The deal, reached before dawn after 14 hours of negotiations, sets about putting parts of the 2016 Paris climate accord into binding legislative effect across a range of sectors, underpinning the European Union's ambition to lead the world on the issue.

The EU vice president responsible for the bloc's Green Deal, Franz Timmermans, called the agreement "a landmark moment for the EU and a strong signal to the world" alongside a 5:00 am tweeted picture showing the moment it was struck.

But top environmental groups Greenpeace and WWF immediately slammed the agreement as insufficient to limit global warming to the 1.5-degree-Celsius threshold enshrined in the Paris accord.

Greenpeace noted that Britain, a former EU member, vowed this week to slash carbon emissions by 78 percent by 2035.

The EU climate law agreement ended a deadlock between member states, which insisted on the 55-percent goal agreed in November, and MEPs who wanted the target hiked to 60 percent.

The EU announcement and the wider debate will feed into a virtual climate summit hosted Thursday and Friday by US President Joe Biden, who has made climate a top priority.
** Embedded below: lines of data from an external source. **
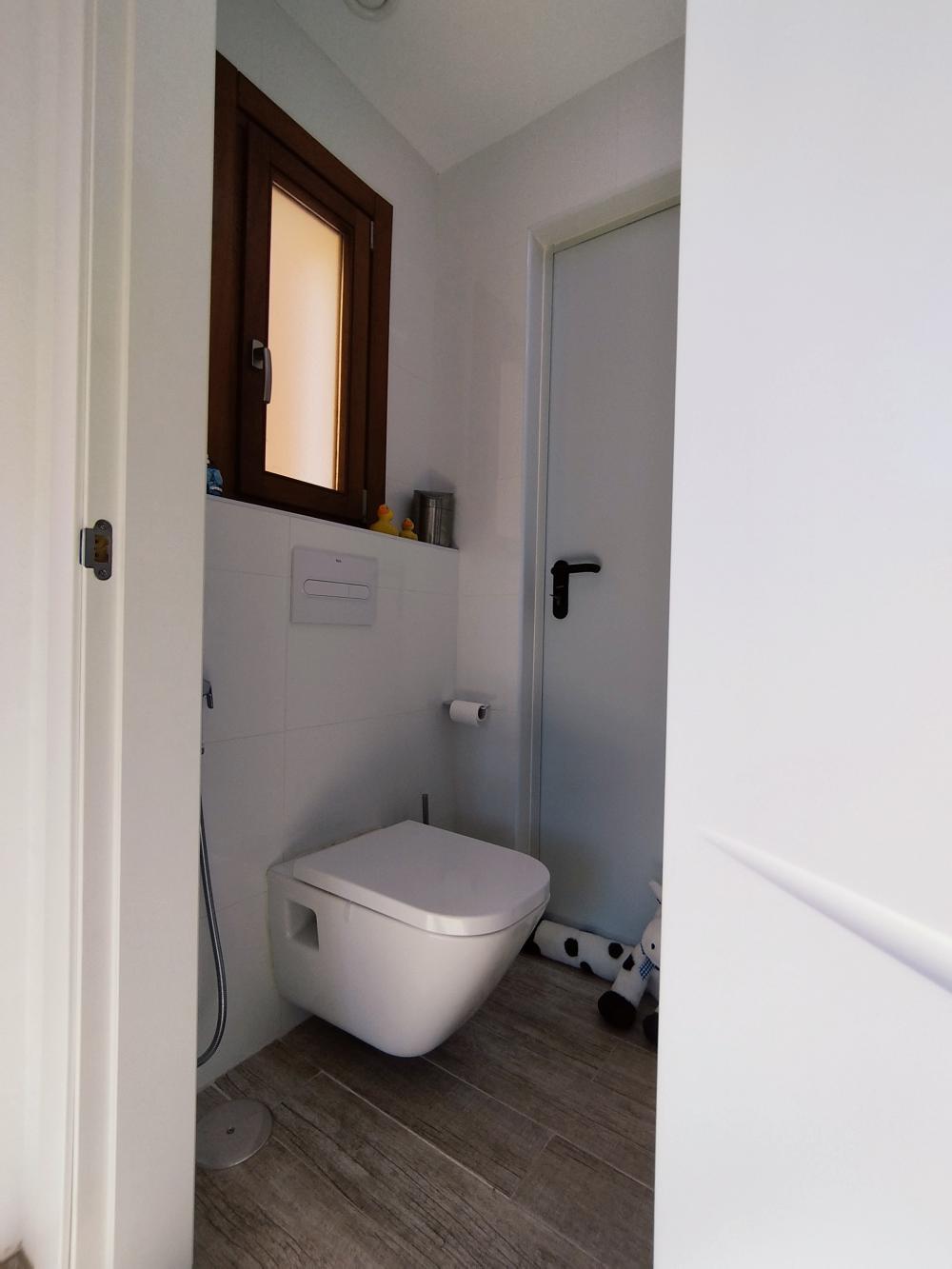  for sale building Málaga Centro 29013 Málaga-Costa Del Sol 16
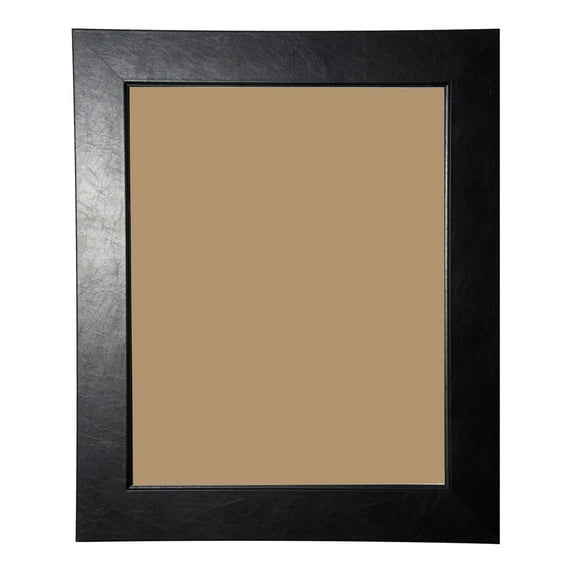 Rayne Mirrors Superior Black Frame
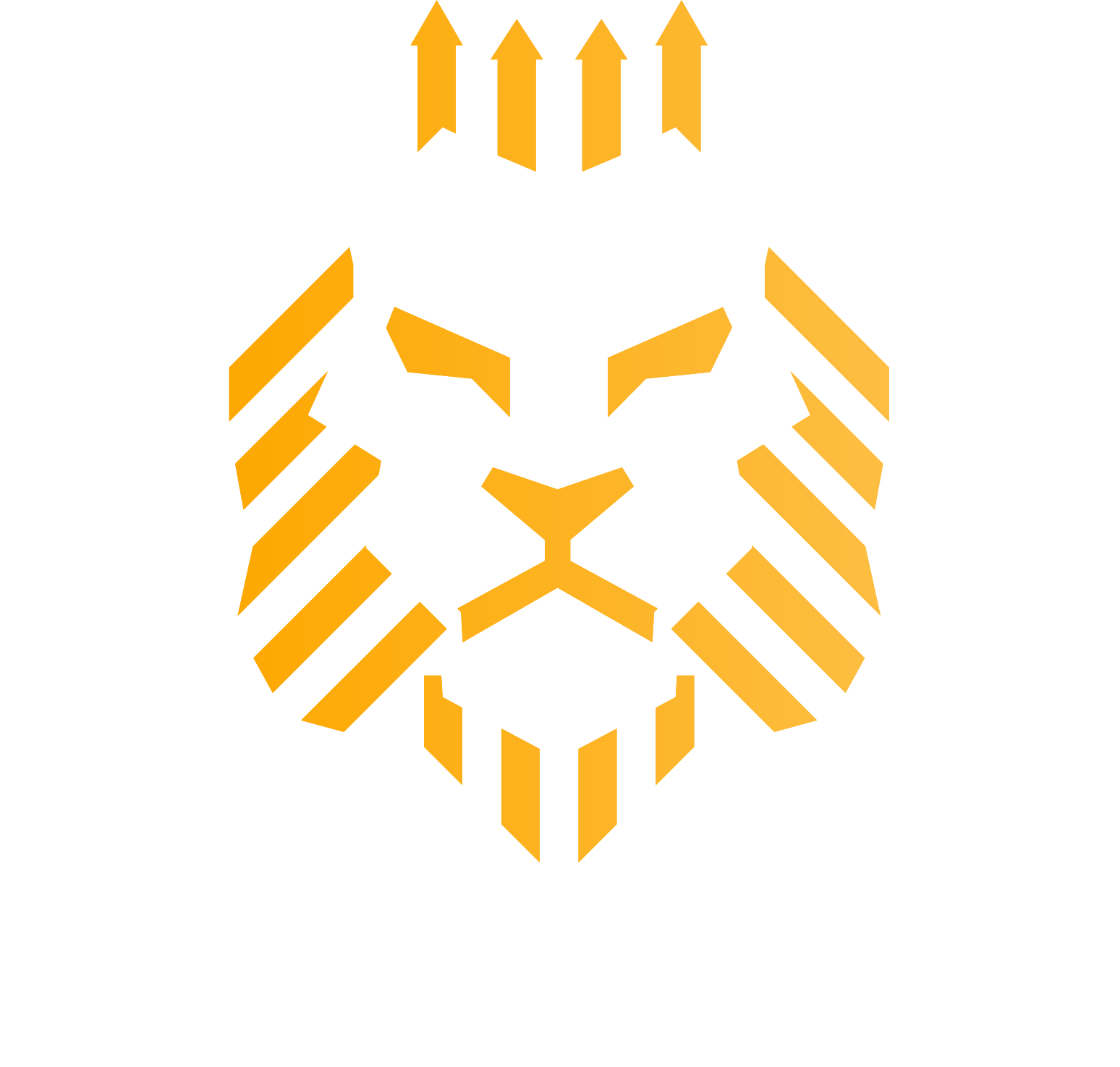 ¿Por qué elegir JOJMÁPAY?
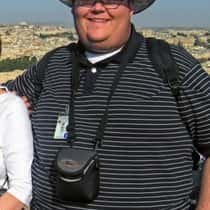 Stephanos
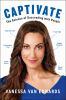 Go to record Captivate : the science of succeeding with people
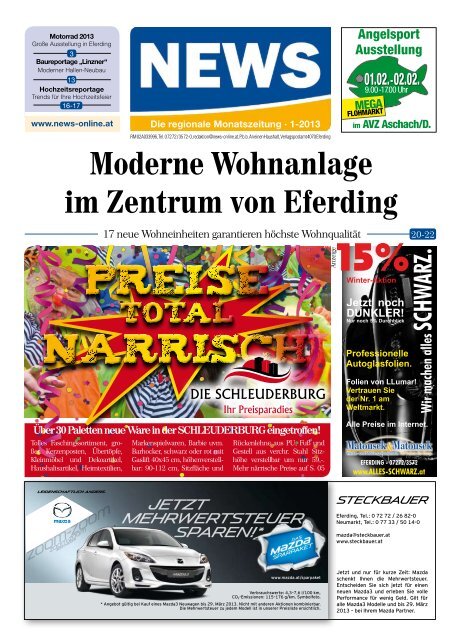 Eferding singletreff ab 50. Aschbach-markt single night. Christliche partnervermittlung aus gutau. Fulpmes christliche partnersuche. Bruck an der leitha single Markt hartmannsdorf partnervermittlung agentur Krumpendorf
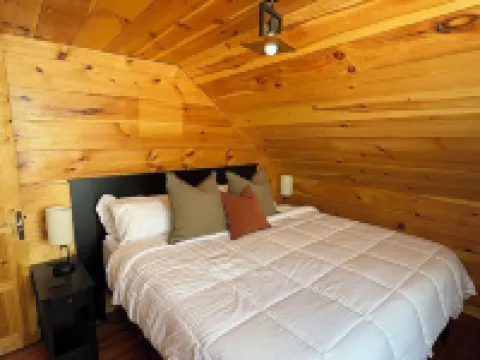 The MountainTop Hotels in Stratton Mountain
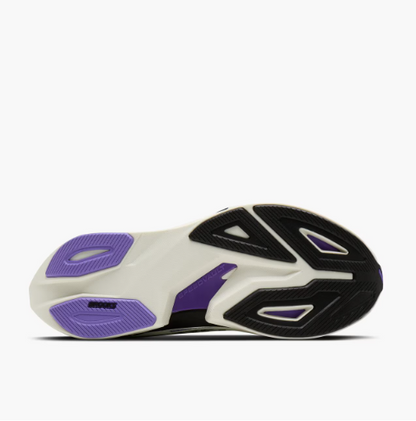 Men's Hyperion Max 4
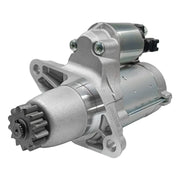 Starter Motor for Toyota Camry/Corolla/RAV4/Sienna & Lexus Models 2002-2017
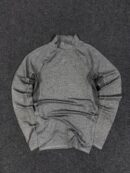 UNDER ARMOUR HEATGEAR COMPRESSION - SMALL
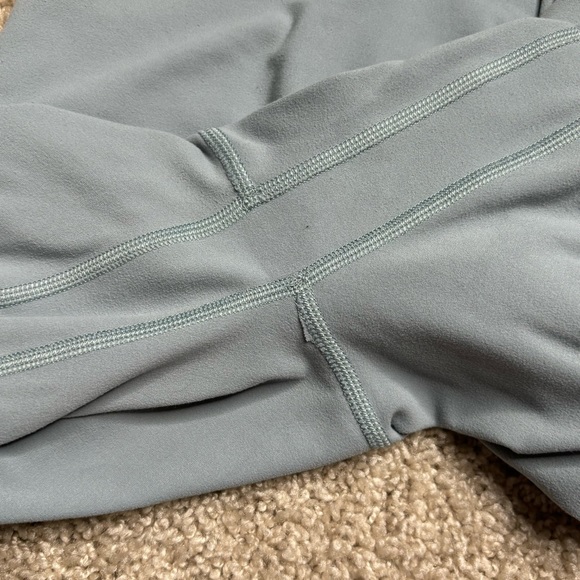 Lululemon ALIGN Pant II *25" - Picture 4 of 8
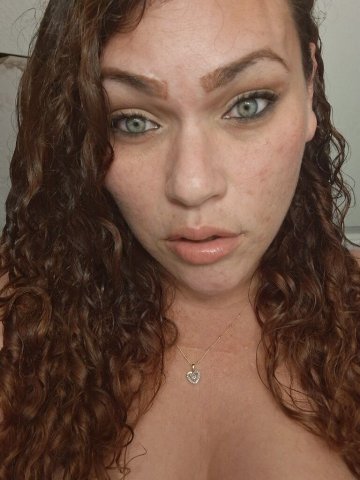 🎉HAPPY Monday 🎉 green eyez beauty latina INCALLS and OUTCALLS - 30 - 1
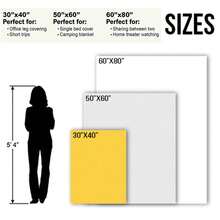 S-Sailor M-Moons Blanket Anime Character 3D Printed Flannel Lightweight Soft Throw Blanket For Bed Sofa Decoration Travel Office - 3 - Xem 3
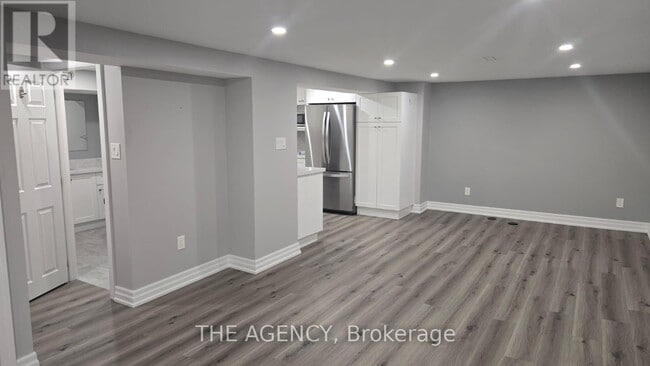 Building Photo - 74 Portico Dr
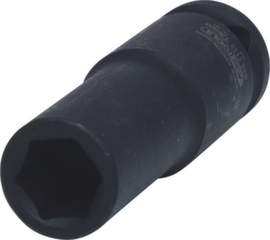 KS Tools douille électrique hexagonale 1/2"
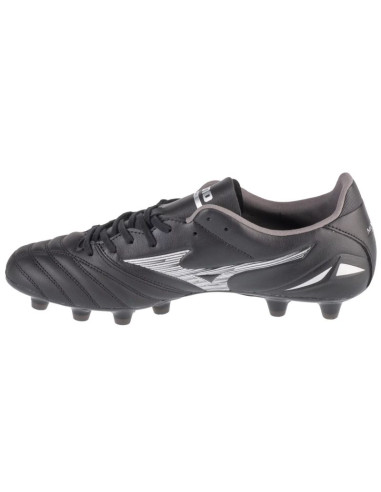 Buty piłkarskie mizuno morelia neo iv pro fg m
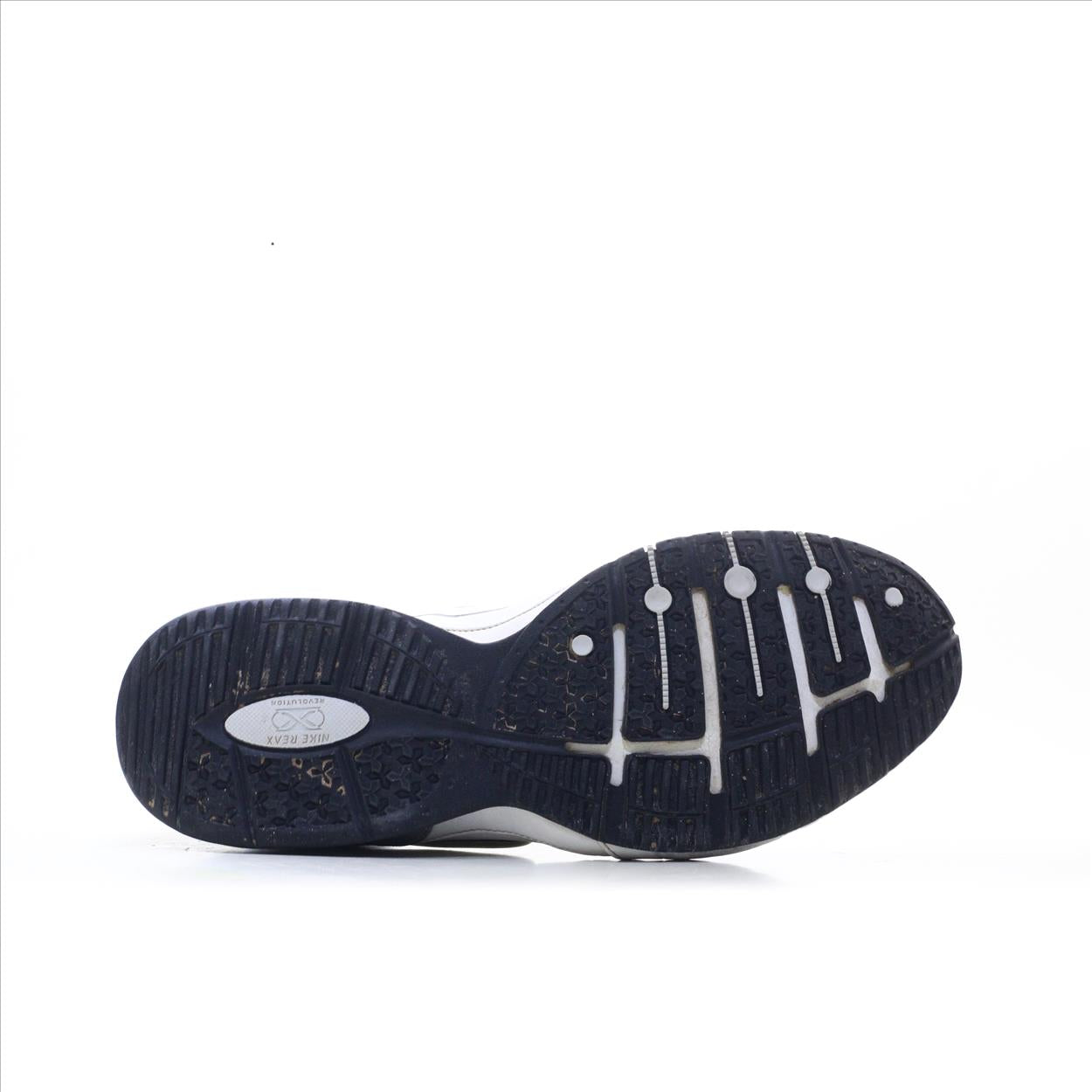 NIKE REAX REVOLUTION (Original USA Imported)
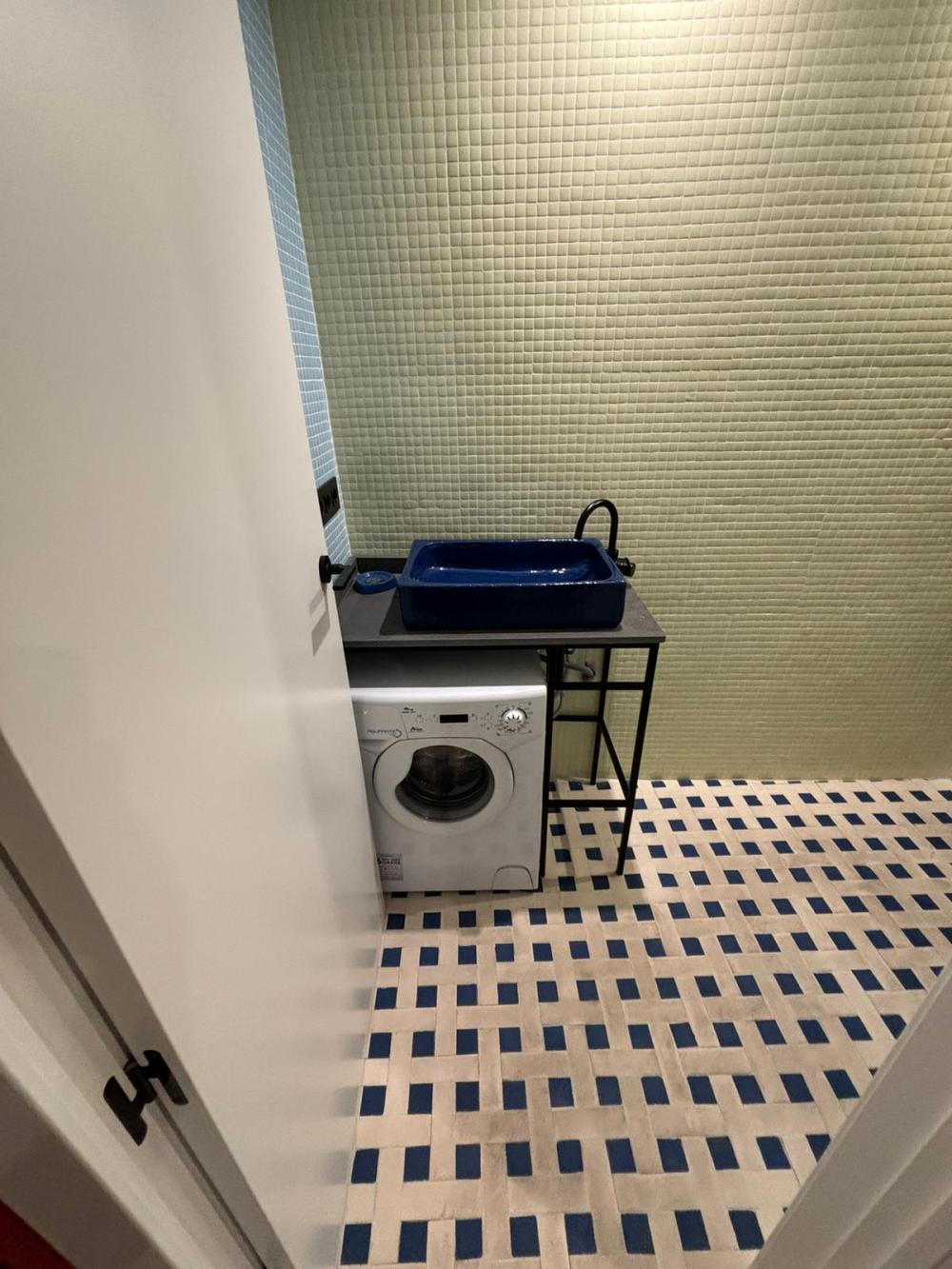  kaufen Gebäude Ciutat Vella La Xerea Valencia 64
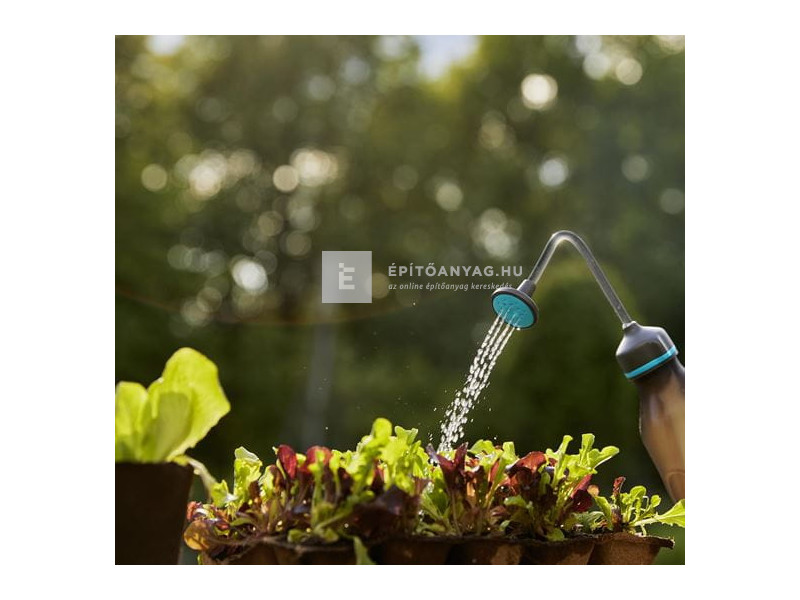 Gardena szobai permetező 0,45 l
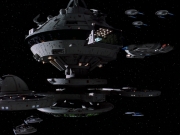 Filename=extant_StarTrek_DS9_6x04-BehindTheLines_03407.jpg
Filesize=150KiB
Dimensions=1200x900
Date added=Jan 07, 2020 extant_StarTrek_DS9_6x04-BehindTheLines_03407.jpg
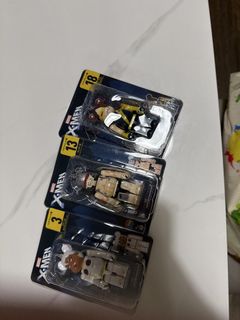 （分類：）位於 。 由 waiming111 提交（商品編號 1443156738，圖片 1）。簡介： 。
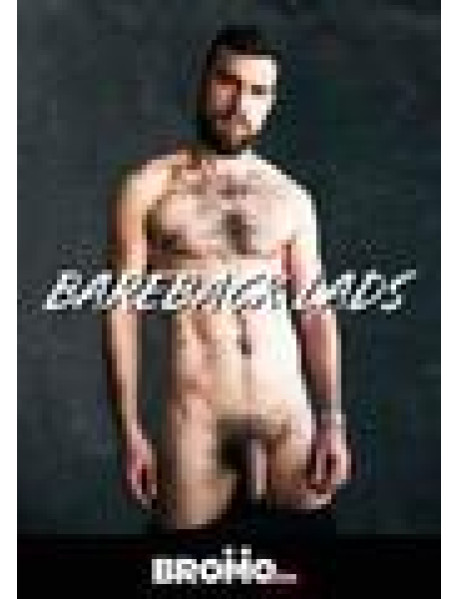 Bareback Lads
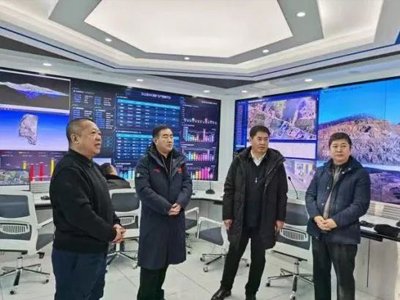 �Ї���Vʯī�a�I�Ŀβ�V���P�I�����_����Ͷ�Y4�|Ԫ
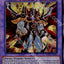 #卡牌遊戲, #卡牌, #遊戲王, #遊戲王卡, #遊戲王卡牌, #日文卡, #日版卡, #日版遊戲王卡, #YuGiOh日文, #Pokemon卡, #神奇寶貝卡, #寶可夢卡, #寶可夢卡牌, #海賊王卡牌, #數碼暴龍卡牌, #高達卡牌, #柯南卡牌, #龍珠卡牌, #碧藍航線卡牌, #符文戰爭卡牌, #魔法風雲會, #MTG卡, #桌遊, #動漫周邊, #動漫商品, #模型, #ActionFigure, #手辦, #公仔, #收藏品, #珍藏卡, #限量卡, #閃卡, #亮面卡, #金屬卡, #抽卡盒, #卡套, #卡冊, #卡盒, #保護套, #桌遊配件, #比賽卡牌, #集換式對戰卡牌, #比賽活動, #玩家社群, #玩家俱樂部, #遊戲店, #香港遊戲店, #HK遊戲, #香港卡牌, #香港桌遊, #卡牌教學, #遊戲教學, #策略遊戲, #遊戲配件, #收藏卡牌, #卡牌批發, #卡牌零售, #動漫卡, #動漫卡牌, #TCG產品, #日本卡牌, #美版卡牌, #卡牌活動, #實體店, #網上商店, #網店, #玩家聚會, #卡牌交流, #交換卡牌, #卡牌市場, #線上比賽, #實體比賽,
He is expected to unveil ambitious new US targets on reducing carbon emissions.

Biden has invited 40 world leaders to the online gathering. Chinese President Xi Jinping -- leader of the biggest carbon-emitting country -- has said he will attend.

European Commission chief Ursula von der Leyen tweeted that "our political commitment to becoming the first climate neutral continent by 2050 is now also a legal one".

However the EU executive faces challenges as it looks to reform its legislation on everything from transport to taxes to energy so they all reflect the shift to a green-friendly future.

Among those are plans to levy a carbon border adjustment mechanism -- a tariff on goods imported into the EU by countries that are not as ambitious in their carbon-emission goals -- and division among EU member states as to whether plants powered by nuclear energy or natural gas can be considered "green".